Por isso, há muitas dúvidas sobre quanto o mercado vai de fato absorver da lista que se acumula na Comissão de Valores Mobiliários (CVM) desde antes da pandemia e que mais do que sucesso já teve dois planos fracassados — Ravi e You Inc. Ambas desistiram de acessar a bolsa em 2020.

Entre as companhias que sumiram consolidadas em outras ou por desespero e necessidade ou por serem ativos interessantes, estão nomes conhecidos como Abyara, Klabin Segall, Brascan Residencial, Company. Outras literalmente quebraram, como foi o caso da antiga Inpar, hoje Viver, que levantou 1 bilhão de reais em duas ofertas e também a PDG Realty, um projeto de megacompanhia com obras espalhadas pelo país que chegou a ser a queridinha do setor, o ícone da euforia. A fez duas ofertas na bolsa, que movimentaram 2 bilhões de reais.

A quarta-feira acordou com uma notícia que ainda é rescaldo da euforia de uma década. A Gafisa, que nunca se recuperou, propôs, de forma muito genérica e ampla, o início de um diálogo para combinação com a Tecnisa. Ambas estão distante de seus melhores momentos.

Na primeira onda do setor, a palavra que resume é caos. Depois de décadas de informalidade, as empresas vieram à bolsa para levantar um dinheiro que nunca tinham tido acesso de uma só vez. A grande maioria não tinha sequer estrutura de controle para lidar com as novidades — nem para as obras, nem para o caixa. O resultado foi duplamente ruim. Muitas simplesmente desmoronaram. Para completar a bagunça interna, o mercado ficou ruim. Com todas capitalizadas ao mesmo tempo, houve inflação nos terrenos, de mão de obra e até no material de construção. Sem coordenação e com a margem corroída, foi o fim para várias.

Quando estavam aprendendo a digerir o tamanho que ficaram, vieram outros chacoalhões: recessão, juros altos, desemprego. Os distratos foram nas alturas e algumas companhias tiveram índices que chegaram próximos de 50% do que havia sido vendido. As dívidas, que eram para ficar somente nas obras, se tornaram corporativas e ficou impossível pedalar a bicicleta.

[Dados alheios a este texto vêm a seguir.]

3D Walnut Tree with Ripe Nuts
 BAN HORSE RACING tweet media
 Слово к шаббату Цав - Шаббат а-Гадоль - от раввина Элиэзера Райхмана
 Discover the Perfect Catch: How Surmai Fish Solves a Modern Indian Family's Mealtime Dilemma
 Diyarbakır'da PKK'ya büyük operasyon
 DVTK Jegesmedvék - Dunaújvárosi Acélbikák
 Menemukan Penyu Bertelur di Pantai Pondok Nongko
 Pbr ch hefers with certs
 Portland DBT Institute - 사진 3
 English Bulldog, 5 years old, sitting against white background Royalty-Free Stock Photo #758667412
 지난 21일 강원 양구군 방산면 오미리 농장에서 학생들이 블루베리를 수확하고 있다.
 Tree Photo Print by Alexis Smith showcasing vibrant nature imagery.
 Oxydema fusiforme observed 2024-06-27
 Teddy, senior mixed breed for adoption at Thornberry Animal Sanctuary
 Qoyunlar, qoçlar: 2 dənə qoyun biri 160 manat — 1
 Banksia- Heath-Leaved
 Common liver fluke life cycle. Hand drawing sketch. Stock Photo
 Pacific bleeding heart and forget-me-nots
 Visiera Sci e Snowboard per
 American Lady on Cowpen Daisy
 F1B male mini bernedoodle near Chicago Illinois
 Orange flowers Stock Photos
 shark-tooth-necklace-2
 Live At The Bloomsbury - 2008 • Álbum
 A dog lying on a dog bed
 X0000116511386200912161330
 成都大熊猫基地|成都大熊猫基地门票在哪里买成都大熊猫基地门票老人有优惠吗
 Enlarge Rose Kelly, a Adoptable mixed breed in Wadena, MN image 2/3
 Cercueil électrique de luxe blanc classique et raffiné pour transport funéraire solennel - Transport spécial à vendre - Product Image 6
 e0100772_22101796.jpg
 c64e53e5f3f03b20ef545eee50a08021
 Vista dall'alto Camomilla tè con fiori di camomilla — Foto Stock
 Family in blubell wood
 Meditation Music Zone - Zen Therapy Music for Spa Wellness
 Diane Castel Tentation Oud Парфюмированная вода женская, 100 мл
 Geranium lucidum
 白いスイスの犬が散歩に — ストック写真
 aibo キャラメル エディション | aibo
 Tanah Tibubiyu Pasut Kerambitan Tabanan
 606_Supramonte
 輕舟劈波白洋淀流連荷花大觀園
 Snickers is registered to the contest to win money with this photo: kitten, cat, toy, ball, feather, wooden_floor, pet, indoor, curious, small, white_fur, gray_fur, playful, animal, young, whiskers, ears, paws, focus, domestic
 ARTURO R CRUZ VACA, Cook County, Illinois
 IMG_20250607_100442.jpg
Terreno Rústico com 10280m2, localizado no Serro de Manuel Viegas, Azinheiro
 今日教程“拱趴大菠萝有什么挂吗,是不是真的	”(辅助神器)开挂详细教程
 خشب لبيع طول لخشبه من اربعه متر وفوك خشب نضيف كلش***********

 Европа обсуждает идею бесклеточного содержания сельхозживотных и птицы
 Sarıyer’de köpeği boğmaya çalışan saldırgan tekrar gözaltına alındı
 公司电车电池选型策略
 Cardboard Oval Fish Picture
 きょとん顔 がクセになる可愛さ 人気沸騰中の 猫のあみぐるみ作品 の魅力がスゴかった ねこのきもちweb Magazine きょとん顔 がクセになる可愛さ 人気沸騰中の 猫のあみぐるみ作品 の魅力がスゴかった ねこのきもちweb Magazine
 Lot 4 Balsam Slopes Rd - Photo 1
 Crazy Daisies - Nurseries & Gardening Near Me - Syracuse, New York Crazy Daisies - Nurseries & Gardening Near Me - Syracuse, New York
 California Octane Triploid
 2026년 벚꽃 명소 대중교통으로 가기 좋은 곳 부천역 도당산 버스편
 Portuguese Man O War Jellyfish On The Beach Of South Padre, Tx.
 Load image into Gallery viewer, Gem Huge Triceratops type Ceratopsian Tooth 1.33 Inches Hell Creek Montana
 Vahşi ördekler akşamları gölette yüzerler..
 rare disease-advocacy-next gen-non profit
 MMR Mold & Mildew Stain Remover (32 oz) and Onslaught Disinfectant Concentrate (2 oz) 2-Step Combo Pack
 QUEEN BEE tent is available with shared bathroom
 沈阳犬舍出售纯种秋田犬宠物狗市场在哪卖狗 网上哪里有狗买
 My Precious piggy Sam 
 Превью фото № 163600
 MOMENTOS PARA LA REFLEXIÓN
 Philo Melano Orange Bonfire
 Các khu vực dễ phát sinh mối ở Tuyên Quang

Quando em junho, o presidente e um dos sócios-fundadores da Trisul, Jorge Cury, falou sobre os planos de lançar projetos de 1 bilhão de reais ainda em 2020, relembrou a época do IPO, em 2007. A história do empreendedor é o retrato daquele tempo. Depois de fundir Tricury e Encosul, aconselhada por bancos de investimento, a companhia se lançou ao mercado como Trisul, sem nada conhecer da relação com investidores e, muito menos, sem estar pronta para ganhar tanta escala de repente e se diversificar regionalmente. “No fundo, a gente não tinha visão de governança, nem de gestão, nem de escala”, confessou ele, sem nenhum constrangimento diante do aprendizado.

“De repente, eu estava em 24 cidades do interior do estado. Era um risco enorme, tínhamos baixa rentabilidade e uma dispersão muito grande. Nossa dívida era cerca de 150% de nosso patrimônio líquido. Não sei como aceitamos fazer aquilo. Foi um sufoco sair daquela situação. Mas, aos poucos, entregamos tudo que tínhamos no interior e, a partir de 2014, voltamos a ficar só em São Paulo”, contou ele. “Agora, num só dia, parando para almoçar na minha casa, eu visito um terço de meus canteiros de obra. É um setor que não dá para você trabalhar por instrumentos. Tem de estar no comando.”

O grande motor dessa onda de 2020 — como de quase tudo que tem ocorrido no mercado neste ano — é o juro baixo, a Selic agora a 2%. De todas as formas que se mede, o crédito imobiliário cresceu no primeiro semestre. Na Caixa, por exemplo, as liberações superaram de janeiro a junho e aumentaram 22%. A expectativa de uma forte atividade para o setor atraiu a atenção dos investidores e a disposição das empresas de fazer lançamentos para voltarem a crescer. Mesmo assim, a história mostra que ter retorno neste setor está longe de ser uma tarefa simples.